Crawled caption data:
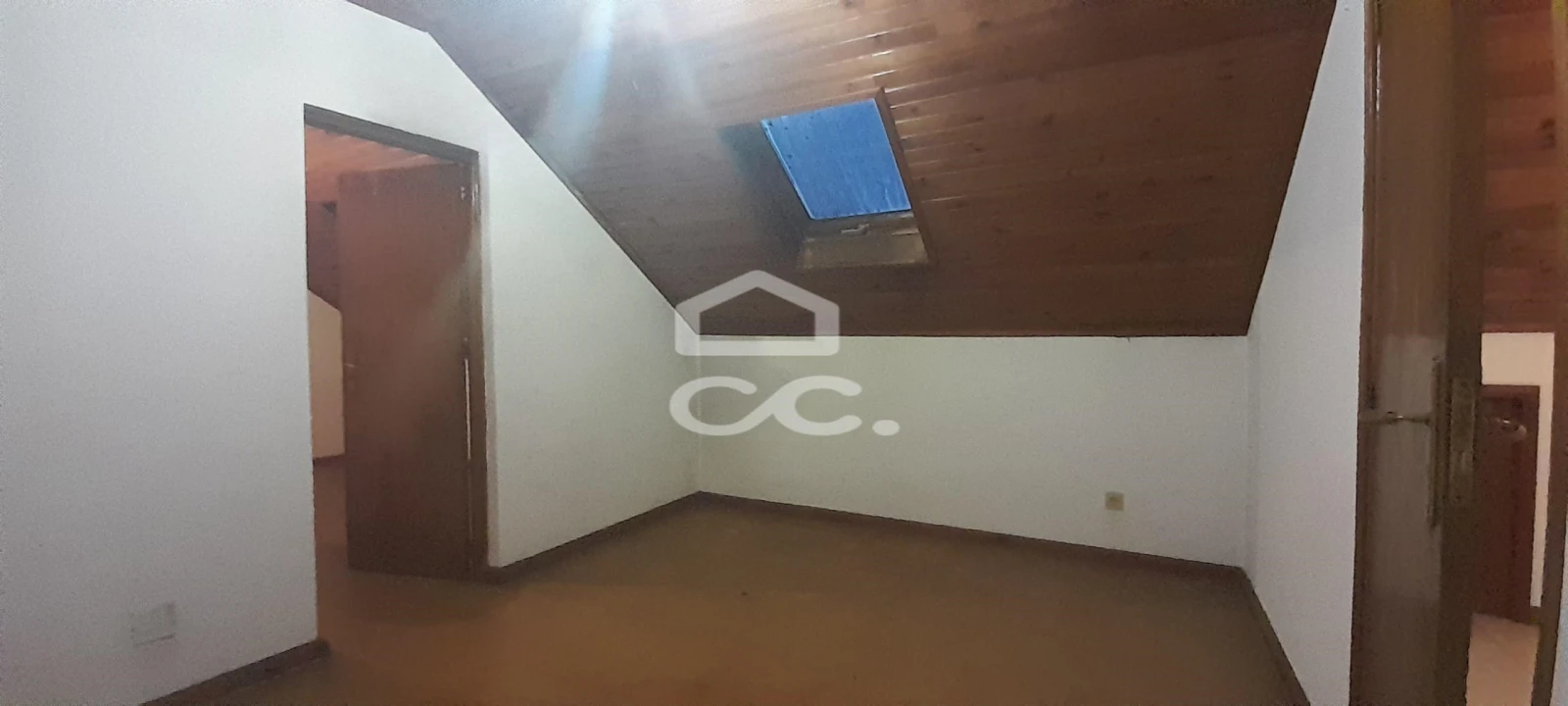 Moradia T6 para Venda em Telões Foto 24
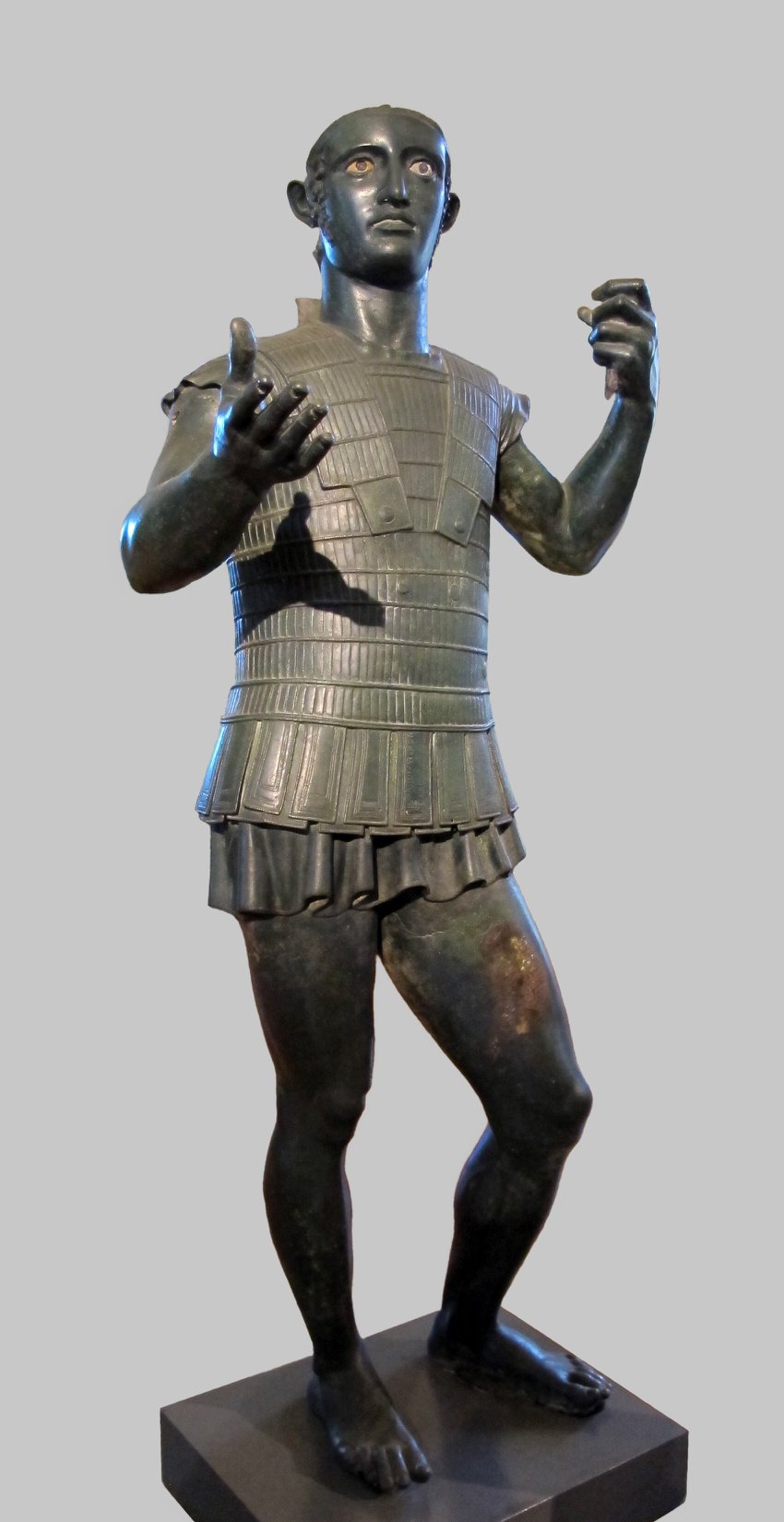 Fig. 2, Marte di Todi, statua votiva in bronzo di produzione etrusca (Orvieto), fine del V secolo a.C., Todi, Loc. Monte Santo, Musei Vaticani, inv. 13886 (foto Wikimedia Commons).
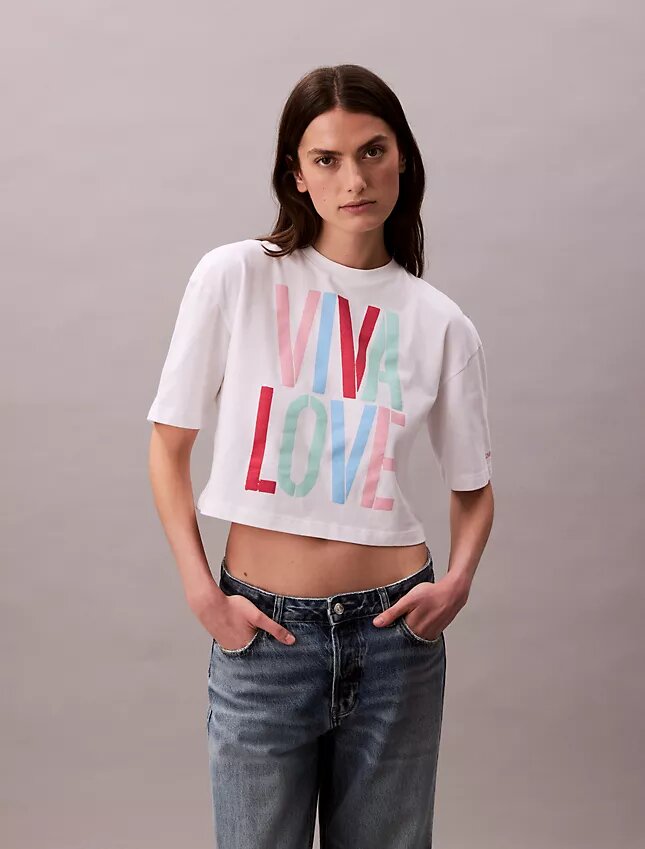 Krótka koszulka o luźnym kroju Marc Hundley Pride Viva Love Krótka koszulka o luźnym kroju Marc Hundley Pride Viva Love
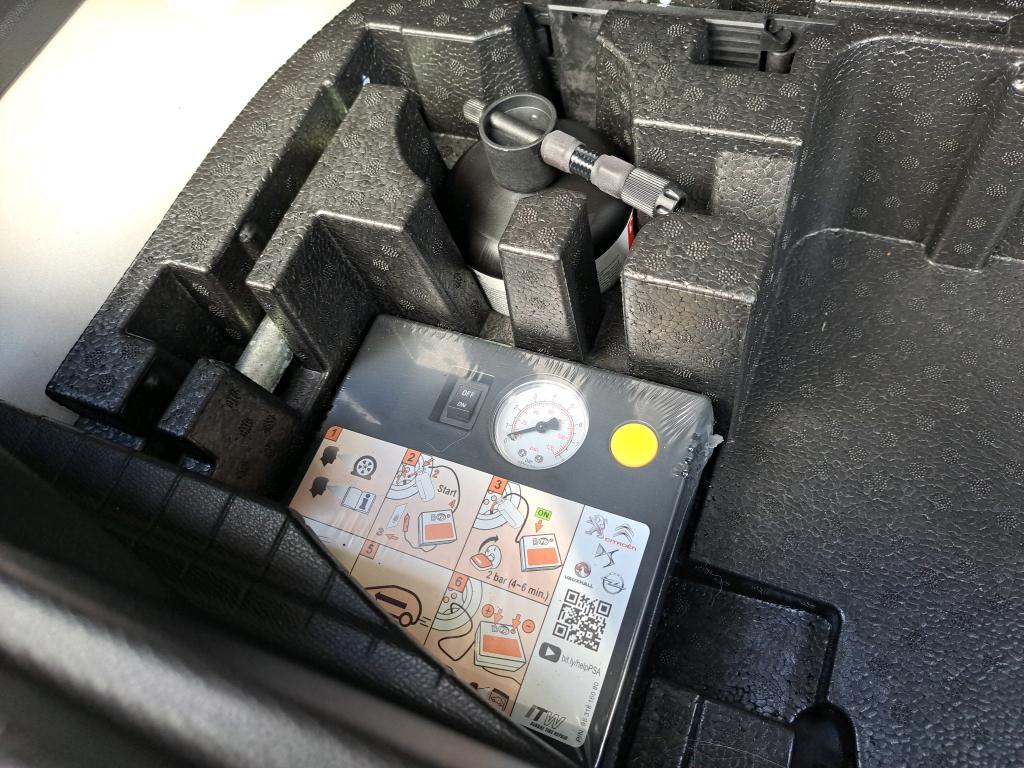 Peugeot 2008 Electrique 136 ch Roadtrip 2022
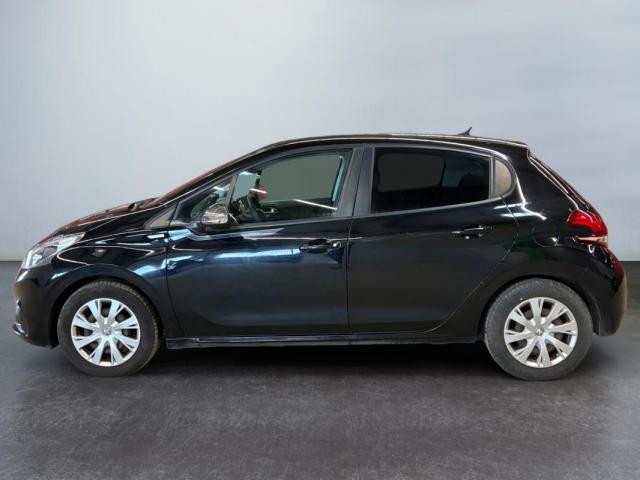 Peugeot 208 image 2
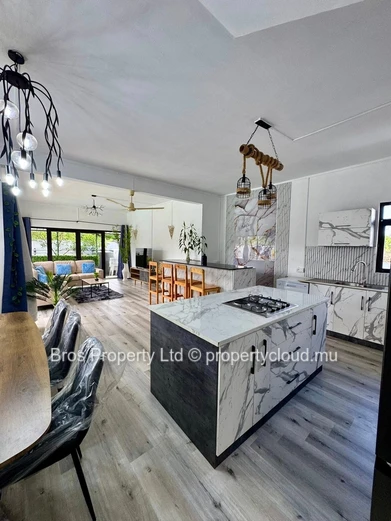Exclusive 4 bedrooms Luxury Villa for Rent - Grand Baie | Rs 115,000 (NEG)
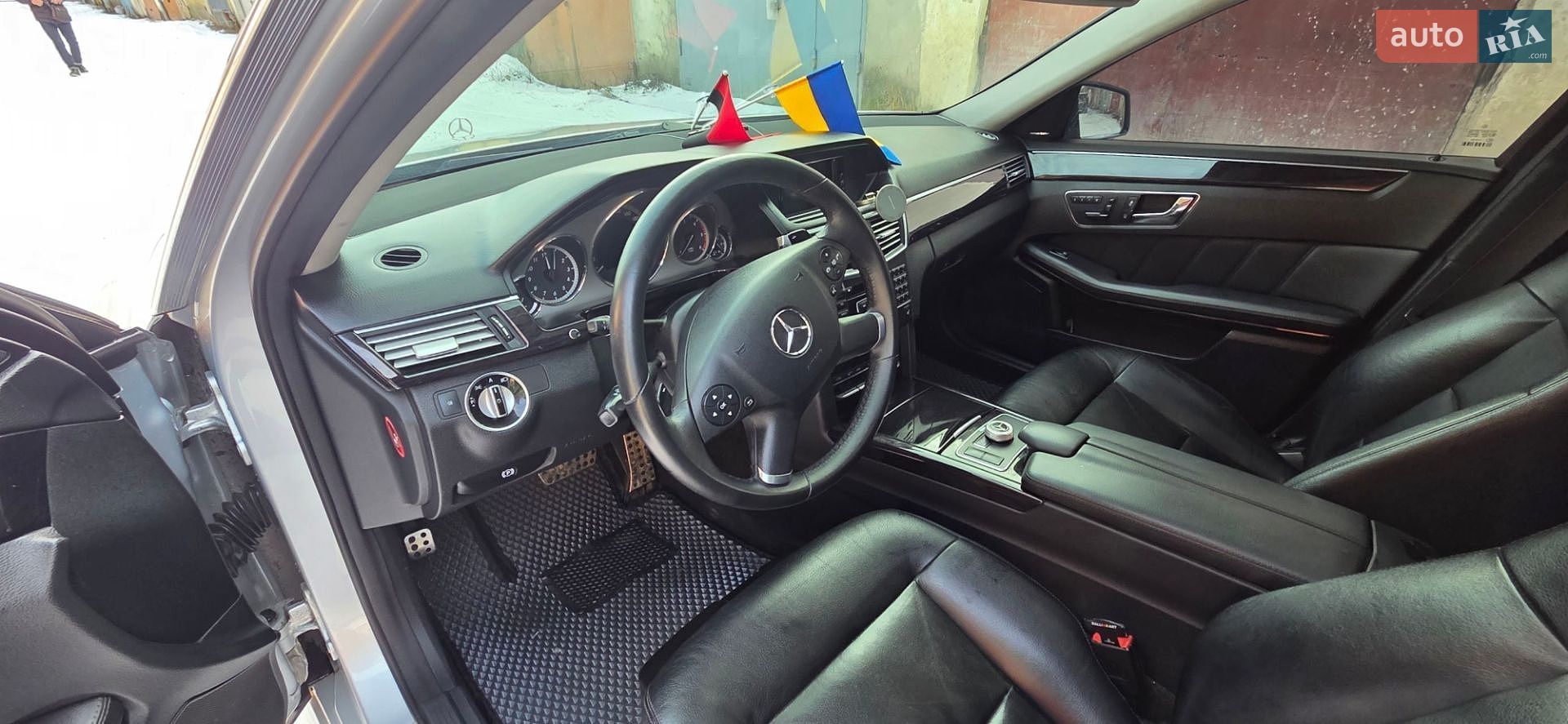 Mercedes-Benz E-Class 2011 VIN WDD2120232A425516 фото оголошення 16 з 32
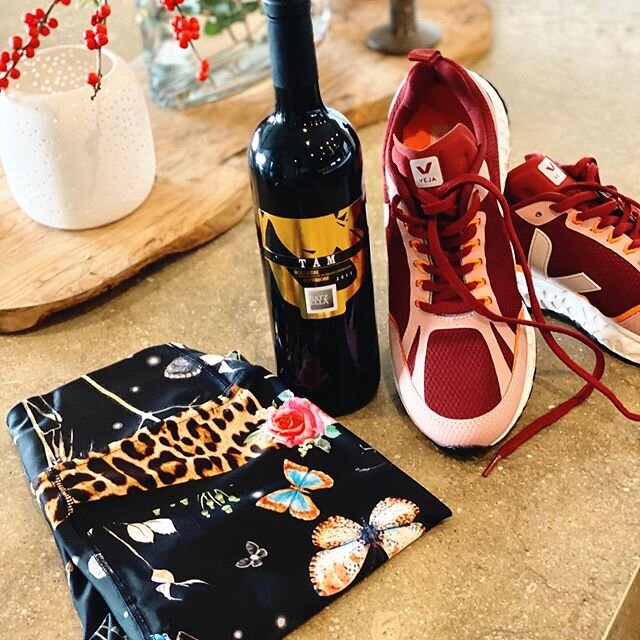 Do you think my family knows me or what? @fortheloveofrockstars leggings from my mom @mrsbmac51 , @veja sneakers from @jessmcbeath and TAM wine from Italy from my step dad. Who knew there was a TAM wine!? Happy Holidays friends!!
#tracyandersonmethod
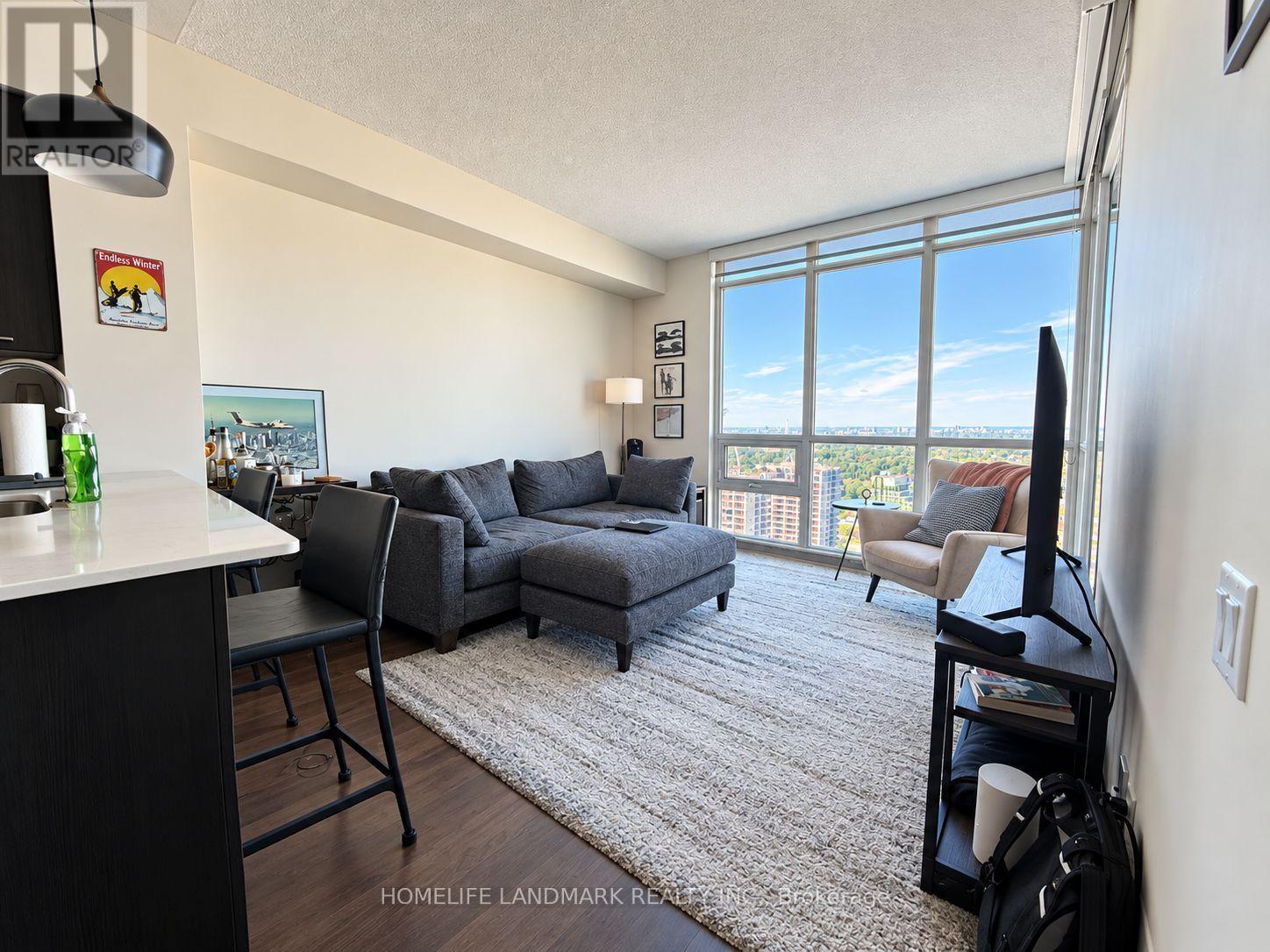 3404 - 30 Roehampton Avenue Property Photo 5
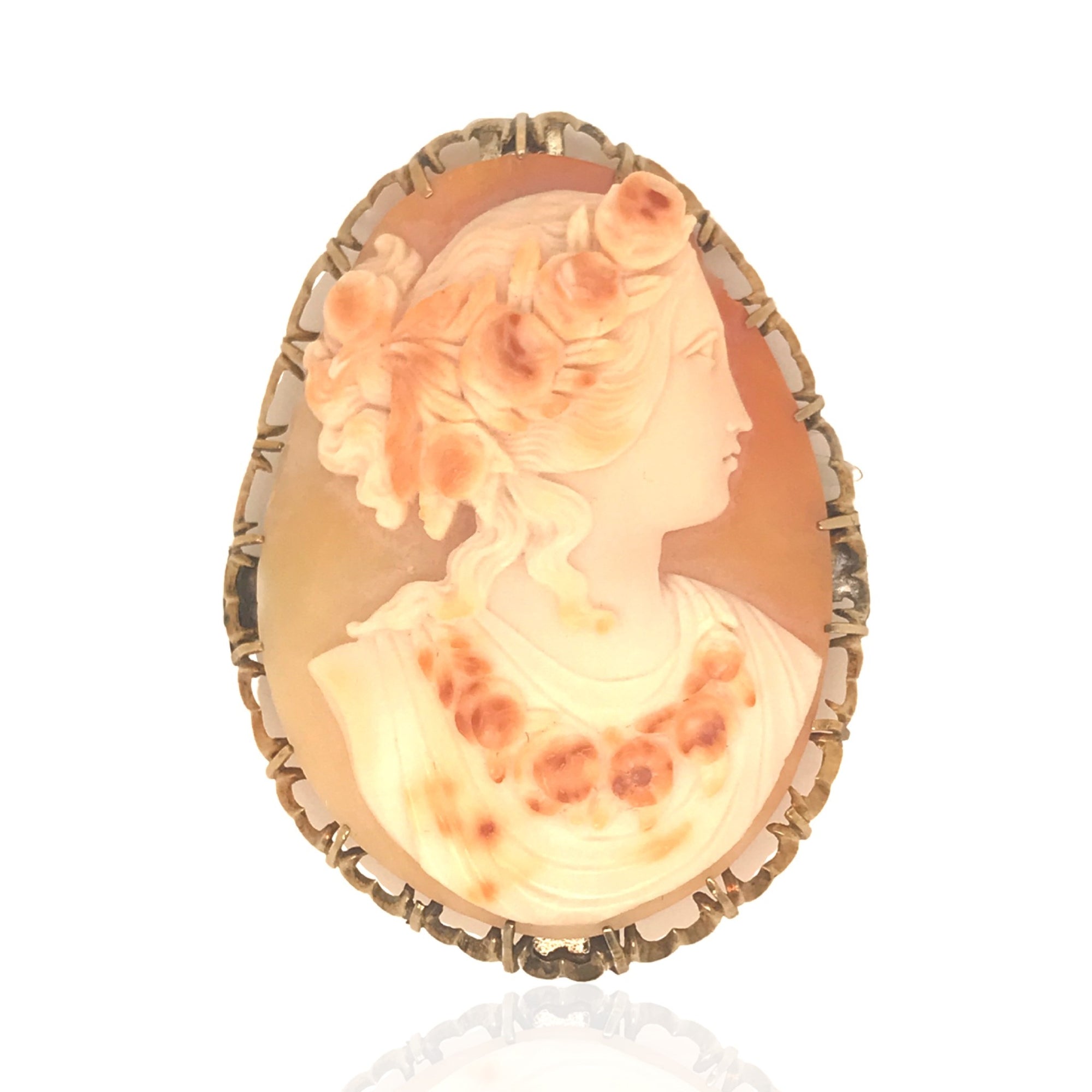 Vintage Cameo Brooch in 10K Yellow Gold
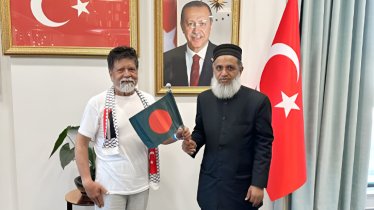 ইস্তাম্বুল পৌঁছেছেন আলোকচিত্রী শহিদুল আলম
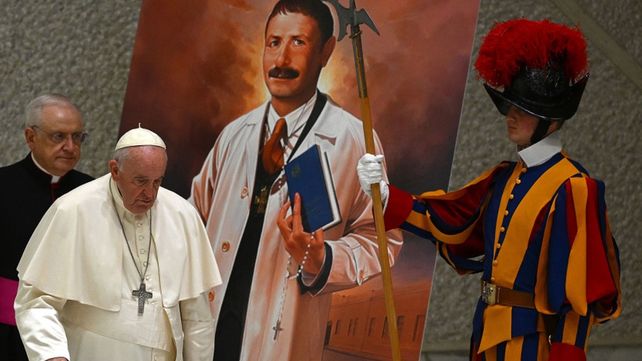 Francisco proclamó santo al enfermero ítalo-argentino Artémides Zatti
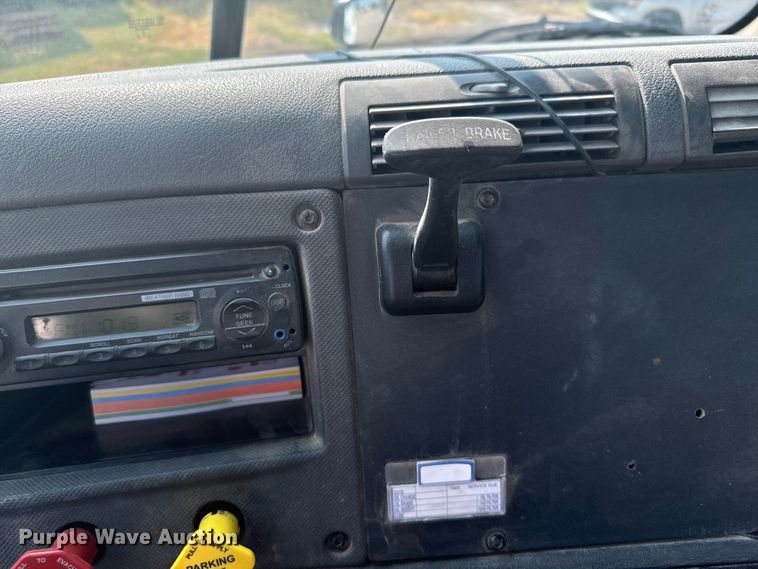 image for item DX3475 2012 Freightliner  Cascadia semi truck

PROBLEM REQUIREMENTS » Take the lines from the start of the entries through the line containing "Exclusive 4 bedrooms" and set them down exactly, leaving out every picture.

EXERCISE OUTPUT »
 Moradia T6 para Venda em Telões Foto 24
 Fig. 2, Marte di Todi, statua votiva in bronzo di produzione etrusca (Orvieto), fine del V secolo a.C., Todi, Loc. Monte Santo, Musei Vaticani, inv. 13886 (foto Wikimedia Commons).
 Krótka koszulka o luźnym kroju Marc Hundley Pride Viva Love Krótka koszulka o luźnym kroju Marc Hundley Pride Viva Love
 Peugeot 2008 Electrique 136 ch Roadtrip 2022
 Peugeot 208 image 2
Exclusive 4 bedrooms Luxury Villa for Rent - Grand Baie | Rs 115,000 (NEG)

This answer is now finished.